Humans fail us easily. Humans failed me just like God did. They judged. They advised. They probed. They pushed. They hurt.
Some hurt for me. They didn't have words. They sat with me. Held my hand.
I'm sorry but now that you miscarried your graves is out of control. It's bad. Surgery. Another one and one more. No hope. No care.
Wake up. Eat. Work. Sleep. I had to tell myself to exist. The world felt like hell. God why did you leave me?

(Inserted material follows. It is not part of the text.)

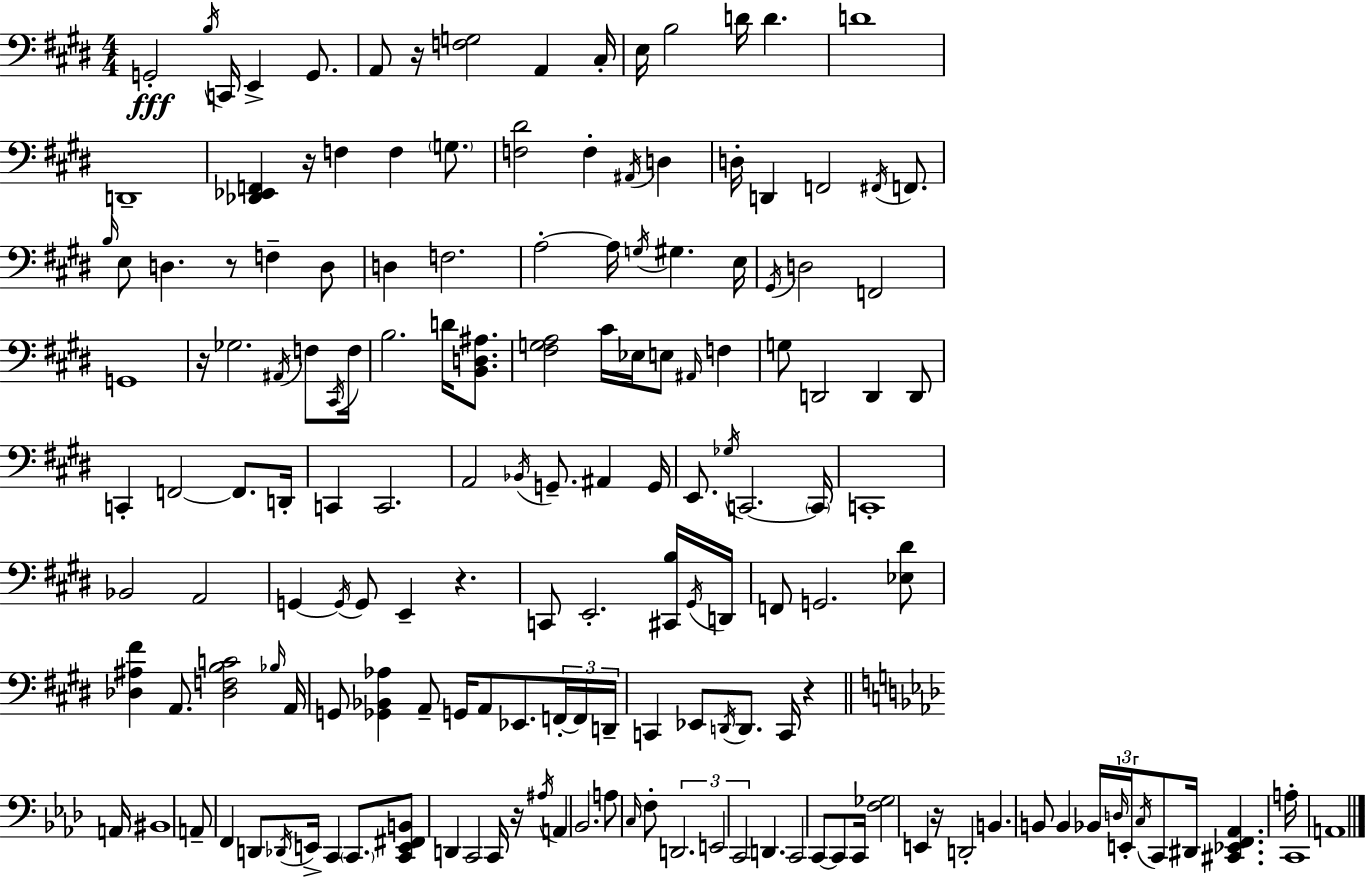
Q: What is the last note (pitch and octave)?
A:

I heard Him on my way to work. Clear voice. Clear words. One task. I followed. Hesitantly. He took it away from you so you would change your direction. Excuse me? The baby. What? I'm sorry I'm not sure what this was about. Of course you aren't you don't know me. I didn't say that. Instead I smiled at her. I didn't know her. A kind stranger God used to speak to me. And once again the following day. The same words.
When diagnosed with graves I thought my life was over. I knew the disease was going to shorten my life.10 years on average. That's a solid statistical data. I was angry thinking I was loosing 10 years to graves. Until I realized I wasn't. Everyone's days are counted by God. He knows our last day. He knows my. He may use graves to bring that day closer or he may choose a bus to hit me. Graves is not shortening my life. My life will be as long as God planned it. There will be no what if’s and regrets when that day comes. None. Because I know that my life was designed to as long as it needs to be for my soul to accomplish its earthy goals.
Graves will lower quality of my life. I won't be able to... What exactly does that mean? My life is different but it's not worse in any way. It's just different.
Peace. My heart is at peace. My heart is with God. My grieving process is complete. The me that died is now reborn. Not any stronger or wiser just different.
If I could go back in time and change anything I wouldn’t. I would choose to have graves. I would choose for my young soul to die and to be reborn the way it did. Mature, wiser, more fulfilled.